Питер Гэхеген все так же рассматривал друга, вытаращив глаза, точно буйвол в момент глубокой задумчивости. В конце концов он поднялся с немалым шумом, подобрав свой серый цилиндр и прогулочную трость.
— Нет, — сказал он, — я не стану объяснять вам суть. Это все равно что разбить хрусталь или разорвать совершенно круглый мыльный пузырь. Пронзить чистое и сферическое совершенство вашего маниакального покоя так же дурно, как посягнуть на невинность ребенка. Если вы в самом деле не ведаете, когда вы говорите бессмыслицу, если вы даже не замечаете, какая часть ваших слов абсурдна, видимо, мне не надо трогать ваш бессмысленный разум. Пойду и обсужу это с Уоттоном. Как он часто и бодро отмечает, в нем никакой бессмыслицы нет.

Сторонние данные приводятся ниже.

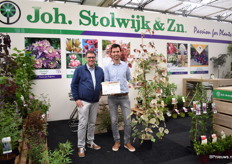 Vader en zoon John en Johan Stolwijk van J. Stolwijk en zonen met de persprijs die ze gewonnen hebben voor de Ceris Carolina Sweetheart. Deze handelsboomkwekerij levert meerjarige winterharde planten voor de Nederlandse en Duitse markt. Op de beurs presenteerde het bedrijf verschillende nieuwe soorten.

Он зашагал прочь из комнаты, покачивая тростью, и направился к очень важному департаменту, возглавляемому сэром Хьюбертом Уоттоном, чтобы насладиться вдохновляющим зрелищем — как другой его приятель занят своей повседневной работой, хотя ему мешает праздный гуляка.
Сэр Хьюберт Уоттон принадлежал к иному типу людей, нежели мистер Понд; даже и будучи занят, он никогда не суетился. Мистер Понд склонялся над поднятым острием своего синего карандаша; сэра Хьюберта можно было увидеть за красным кончиком сигары, которою он попыхивал, в угрюмой задумчивости переворачивая на столе бумаги. На появление сияющего капитана он отреагировал мрачноватой, хотя вполне любезной улыбкой и жестом пригласил его сесть.
Гэхеген уселся, уперев трость в пол и скрестив на ней руки.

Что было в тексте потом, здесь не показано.